The dissertation by Linda Truong (defended in 2016) examined the effect of mood induction and cue salience on cognitive control in young and older adults with a standard letter AX-CPT task (with low cue salience) and a modified face cue version of AX-CPT task (with high cue salience) The results showed little evidence for mood effect on cognitive control in both age groups. Although the typical pattern of dominant proactive control in young adults and reactive control in older adults was shown in the standard letter AX-CPT task, the two age groups showed comparable level of proactive control in the salient face cue condition, suggesting that cue salience rather than mood is effective in facilitating proactive control in older adults. The data are currently in preparation for publication.

Aging, emotion, and directed forgetting: The dissertation by Sara Gallant (defended in 2017) aimed to examine age-related changes in cognitive control of emotional memory, including its underlying metacognitive and neural components. In three experiments, young and older adults completed a cue- or value-based version of the item-directed forgetting task for positive, negative, and neutral words. Results consistently demonstrated that young and older adults could strategically control encoding of emotional information, by prioritizing relevant over irrelevant words in memory. Extending previous research on metacognition and aging, results indicated age invariance in prospective judgments of learning made during the encoding of TBR and TBF words that varied in emotion. In contrast, age groups differed when retrospectively monitoring the source of words. Whereas young adults’ source monitoring was not influenced by emotion or cues, older adults tended to attribute positive items to sources that were higher in value for memory (TBR or +10 cues), consistent with an age-related bias to prioritize positivity.
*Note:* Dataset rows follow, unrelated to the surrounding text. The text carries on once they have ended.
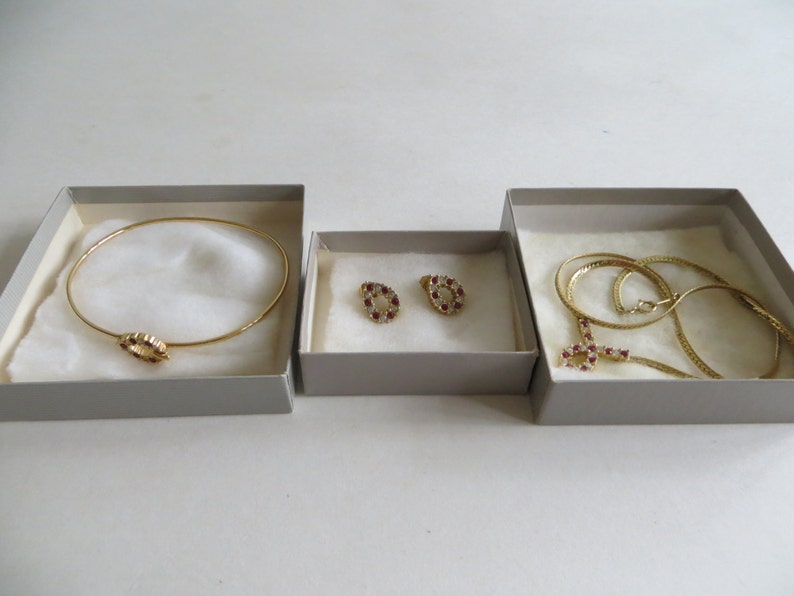 Avon Plaza Collection Red Simulated Ruby and Rhinestone Necklace Bracelet and Earrings In Original Boxes
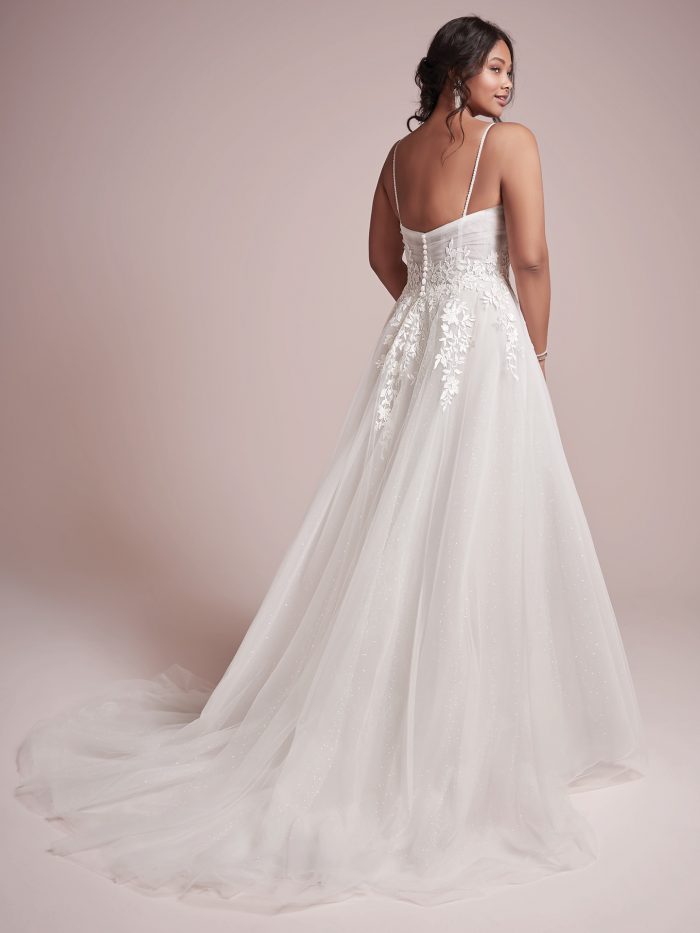 Plus Size Model Wearing Plus Size Princess Wedding Gown Called Mila by Rebecca Ingram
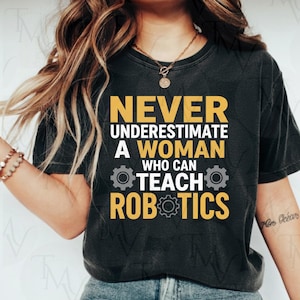 Peut inclure: T-shirt gris foncé avec le texte "NEVER UNDERESTIMATE A WOMAN WHO CAN TEACH ROBOTICS" en jaune et blanc. Le design comprend des icônes d'engrenages. Un vêtement décontracté.
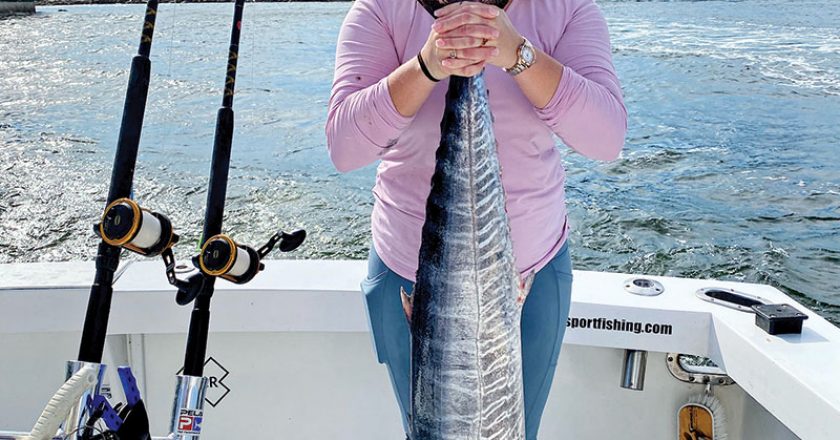 Jessica Montanaro caught this wahoo, her first fish ever, with Father and Son Sportfishing.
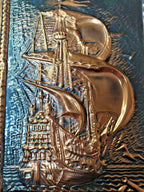 Soviet wall plaque with pre-drilled hole at the top for hanging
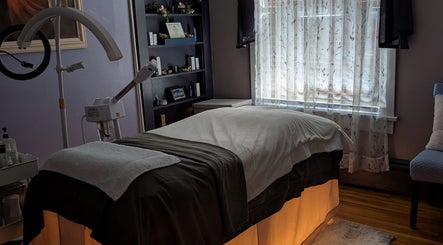 Treatment room at J. Madison Spa, Kingston, PA, US, featuring a massage bed and serene decor.
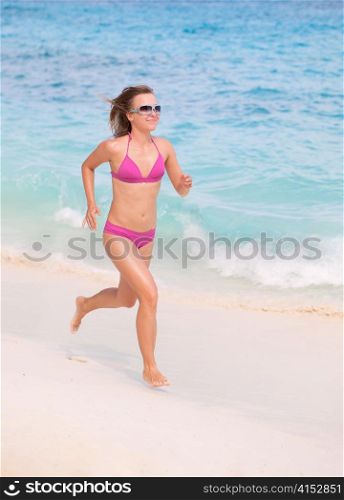 A Young Woman Runs Alone at the Beach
Finally, age differences in ERPs underlying encoding of TBR and TBF words provided evidence that older adults may recruit additional resources in frontal regions of the brain to facilitate task performance. Moreover, in line with behavioural results, the ERP signatures of directed forgetting were not modulated by emotion. Altogether, this dissertation demonstrates that cognitive control over emotional memory is intact in later life; however, it highlights important age differences in the metacognitive and neural correlates of this ability. The data are currently in preparation for publication.

Aging, stress, and executive function: This research project was devised in an attempt to examine the effects that psychosocial stress has on executive functioning performance in young and older adult populations. Participants are randomly assigned to one of two conditions: stress or control. The stress condition involves the participants to be subjected to a version of the standardized Trier Social Stress Test (TSST; Kirschbaum & Hellhamer, 1993). Executive functioning was measured at the start of the study and after the conclusion of the TSST/control task. Stress was indexed by multiple physiological aspects (salivary cortisol and heart rate) and subjective feelings of self-reported stress. 

Aging and associative memory: In her dissertation (defended in 2017), Brenda Wong examined the role of attentional resources in associative deficit, and to explore encoding manipulations that might alleviate the deficit in older adults. The results suggested that when cognitive resources were depleted through divided-attention during encoding, young adults showed the same associative deficit as older adults. Furthermore, when resource load for associative memory was minimized through pre-exposure of item learning before pair learning, older adults were able to use effective encoding strategies and performed equivalently to young adults. Finally, age-related associative deficit was entirely eliminated when the associative learning was cued by positive values (high or low).  Taken together, these results suggest that depletion of attentional resources during encoding could impair associative memory. Furthermore, older adults’ associative deficit could be effectively alleviated with sufficient environmental support during encoding, such as when resource competition between item and associative encoding is minimized or when being guided to prioritize encoding of associations over items. The data are currently in preparation for publication.

In an on-going dissertation project, Lingqian Li intended to examine whether the unitization strategy will differentially benefit the associative memory performance of young and older adults.

Boundary Conditions for Age-related Associative Deficit: Behavioural Moderators and Neural Mechanisms:Although aging does not typically impact semantic memory (i.e., memory for general knowledge or facts), older adults tend to exhibit a reduced episodic memory (i.e., memory for specific details of an event). Specifically, older adults exhibit difficulty remembering associations among memory elements (i.e., associative memory) rather than individual items (i.e., item memory), a phenomenon called associative deficit. However, past research has documented some boundary conditions in which the deficit was attenuated or absent. These conditions include intrinsic manipulations (i.e., built in testing stimuli) or extrinsic manipulations (i.e., provided strategies or instructions). However, the specific mechanisms for this attenuation effect are still unclear. The proposed research will take a novel approach to further test these boundary conditions and the associated behavioural moderators and neural mechanisms within normally aging adults.

Adding Inhibition to Cognitive Control in the Dual Mechanisms of Control Framework: Every day activities require us to hold information in our memory in order to reach a goal. When an obstacle presents itself, we mentally adapt our behaviors to meet that goal through cognitive control. Sometimes, when trying to remember information related to a goal, outdated content can create interference in our memory. Compared to young adults, older adults tend to show greater susceptibility to this form of memory interference. Yet, the cognitive mechanisms surrounding this memory interference, particularly during goal completion, remain unclear. Thus, the aim of this project is to evaluate the performance of young and older adults on a modified cognitive control task where the level of memory interference is varied systematically.